### Given records
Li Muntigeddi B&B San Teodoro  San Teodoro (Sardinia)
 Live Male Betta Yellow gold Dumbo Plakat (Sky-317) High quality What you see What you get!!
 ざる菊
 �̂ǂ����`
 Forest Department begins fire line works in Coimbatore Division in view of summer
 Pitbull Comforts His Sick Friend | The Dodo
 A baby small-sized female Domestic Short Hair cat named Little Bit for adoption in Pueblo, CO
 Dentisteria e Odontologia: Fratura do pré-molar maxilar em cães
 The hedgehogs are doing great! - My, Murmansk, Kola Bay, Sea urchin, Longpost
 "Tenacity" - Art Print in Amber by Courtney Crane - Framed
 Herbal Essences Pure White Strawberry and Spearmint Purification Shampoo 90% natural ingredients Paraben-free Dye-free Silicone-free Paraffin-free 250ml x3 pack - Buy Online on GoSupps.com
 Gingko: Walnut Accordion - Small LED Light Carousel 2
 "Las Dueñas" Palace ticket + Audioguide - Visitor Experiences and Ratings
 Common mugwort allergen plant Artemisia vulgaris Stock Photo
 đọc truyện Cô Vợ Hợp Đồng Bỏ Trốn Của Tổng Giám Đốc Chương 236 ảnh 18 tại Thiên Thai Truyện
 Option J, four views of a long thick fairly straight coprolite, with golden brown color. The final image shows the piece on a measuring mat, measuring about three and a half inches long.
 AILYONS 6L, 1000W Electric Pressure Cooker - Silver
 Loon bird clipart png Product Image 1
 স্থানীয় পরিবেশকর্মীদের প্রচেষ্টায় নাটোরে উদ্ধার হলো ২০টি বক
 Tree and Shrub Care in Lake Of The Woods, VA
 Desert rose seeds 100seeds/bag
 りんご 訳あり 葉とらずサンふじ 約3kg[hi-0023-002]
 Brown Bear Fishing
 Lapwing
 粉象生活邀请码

### Work to complete
The answer should contain only the lines from the first line of the entries through the line holding "Crane - Framed", each exactly as written.

### Answer
Li Muntigeddi B&B San Teodoro  San Teodoro (Sardinia)
 Live Male Betta Yellow gold Dumbo Plakat (Sky-317) High quality What you see What you get!!
 ざる菊
 �̂ǂ����`
 Forest Department begins fire line works in Coimbatore Division in view of summer
 Pitbull Comforts His Sick Friend | The Dodo
 A baby small-sized female Domestic Short Hair cat named Little Bit for adoption in Pueblo, CO
 Dentisteria e Odontologia: Fratura do pré-molar maxilar em cães
 The hedgehogs are doing great! - My, Murmansk, Kola Bay, Sea urchin, Longpost
 "Tenacity" - Art Print in Amber by Courtney Crane - Framed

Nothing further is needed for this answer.